Yes, these groups of angelic troublemakers must include those who boycott school anthems and boycott sports. These groups must also include those who boycott slavery, oppression and environmental degradation by changing their household buying habits.

Yes, these groups of angelic troublemakers must include those who bring lawsuits against city bylaws that discriminate against the poor and vulnerable. They must include those who produce powerful social theater against the scourge of gender based violence. They must also include those who chop vegetables five hours a day, seven days a week to feed the hungry in defiance of State gazettes, those who work to establish local food chain supplies that are just and accessible, those who plant gardens on street corners, and those who stage hunger strikes – not eating lunch until all can eat lunch.

Yes, these groups of angelic troublemakers must include those who practice civil disobedience, and refuse to pay taxes that fund a violent police force. They must also include those who practice social disobedience, and refuse to  pay anything less than a living wage, even when neighbours complain that doing so ‘drives up the price’ of human labour.
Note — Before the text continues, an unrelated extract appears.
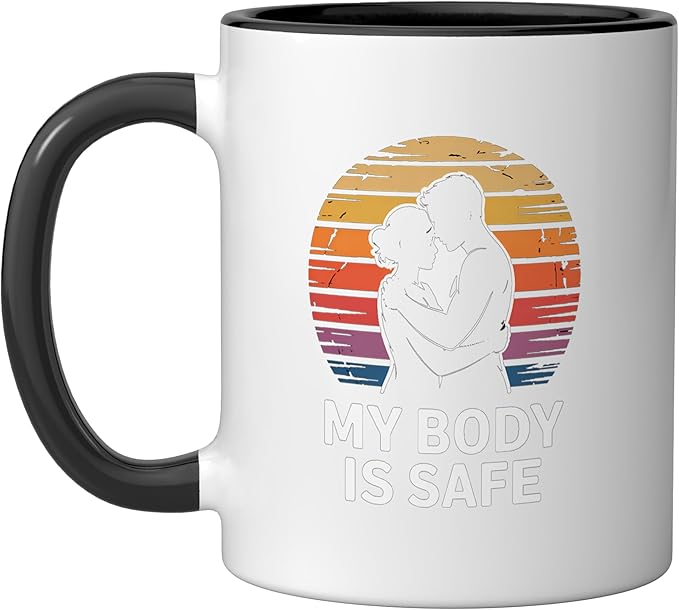 Breathing Relaxation Stress Relief Vagus Nerve Stimulation Ceramic Mug, Black/White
They must include those who practice religious disobedience, refusing to buy into the politics of hate that exclude the other on the basis of race, gender, sexuality or money.

Yes, these groups of angelic troublemakers must include those who stand in front of weapons of war – in front of tanks, guns, bulldozers, the army, the police, and parliamentarians. They must also include those who wash the feet of the racist farmer whose toes are caked with the soil of his stolen land and who wash the dead feet of the refugee with no land to call home, who hung himself from a street pole in Sea Point. They must include those who name and call out death-dealing conditions, and those who cut strips of cloth to prepare bodies for burial.
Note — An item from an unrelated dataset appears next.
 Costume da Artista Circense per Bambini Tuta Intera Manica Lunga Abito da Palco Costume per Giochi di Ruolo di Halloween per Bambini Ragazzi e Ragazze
Yes, these groups of angelic troublemakers must include those who tear down statues of slave holders and throw them in rivers. They must also include those who tear down racist mindsets and perceptions and worldviews. They must include artists and poets and musicians and dancers who make the unfathomable understandable and who unflinchingly bring us face-to-face with the unconscionable.

Yes, these groups of angelic troublemakers must act in boardrooms and church vestries, in school classrooms and staff rooms and courtrooms and bedrooms, in homes and streets, in public spaces and private spaces, in the halls of government, the halls of (in)justice, the halls of power and the halls of abandoned buildings,  on stock market floors and in corner stores.

We may call these individuals angelic troublemakers or ordinary radicals or unconventional saints. The writer Flannery O’Connor writes,

Trudging into the distance in the bleeding stinking mad shadow of Jesus…the Lord out of dust had created him, had made him blood and nerve and mind, had made him to bleed and weep and think, and set him in a world of loss and fire.

Flannery O’Connor

Here’s to those who will take their bodies – their bleeding, weeping, thinking bodies – and step out into a world of loss and fire and tuck their bodies in places so that wheels don’t turn and it’s no longer business as usual.